*Assigned task*.
Repeat only the stretch of lines below that runs from the line with "TUTTI I MIEI DETERSIVI PER PULIRE LA CASA" through the line with "Set De 10 Cartas", unaltered.

Data under study START

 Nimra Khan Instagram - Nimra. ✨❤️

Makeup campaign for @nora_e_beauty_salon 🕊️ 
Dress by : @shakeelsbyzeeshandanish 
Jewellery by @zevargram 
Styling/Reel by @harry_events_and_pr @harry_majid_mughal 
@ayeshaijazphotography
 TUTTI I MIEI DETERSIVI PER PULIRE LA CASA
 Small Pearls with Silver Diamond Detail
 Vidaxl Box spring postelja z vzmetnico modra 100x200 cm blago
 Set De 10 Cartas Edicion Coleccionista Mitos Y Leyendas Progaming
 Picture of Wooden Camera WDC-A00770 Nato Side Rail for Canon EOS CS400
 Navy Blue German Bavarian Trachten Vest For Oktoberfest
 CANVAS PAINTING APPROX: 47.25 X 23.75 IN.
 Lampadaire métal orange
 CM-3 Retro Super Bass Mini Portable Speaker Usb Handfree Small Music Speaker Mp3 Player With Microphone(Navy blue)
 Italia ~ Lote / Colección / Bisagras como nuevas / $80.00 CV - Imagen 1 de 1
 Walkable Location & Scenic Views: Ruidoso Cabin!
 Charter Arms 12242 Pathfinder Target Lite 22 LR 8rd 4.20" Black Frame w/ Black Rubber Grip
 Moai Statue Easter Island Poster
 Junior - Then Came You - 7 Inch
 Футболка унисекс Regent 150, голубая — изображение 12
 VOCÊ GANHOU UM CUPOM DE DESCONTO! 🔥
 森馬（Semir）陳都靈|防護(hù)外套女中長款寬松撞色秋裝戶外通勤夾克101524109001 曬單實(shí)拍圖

Data under study END

*Exercise response*.
 TUTTI I MIEI DETERSIVI PER PULIRE LA CASA
 Small Pearls with Silver Diamond Detail
 Vidaxl Box spring postelja z vzmetnico modra 100x200 cm blago
 Set De 10 Cartas Edicion Coleccionista Mitos Y Leyendas Progaming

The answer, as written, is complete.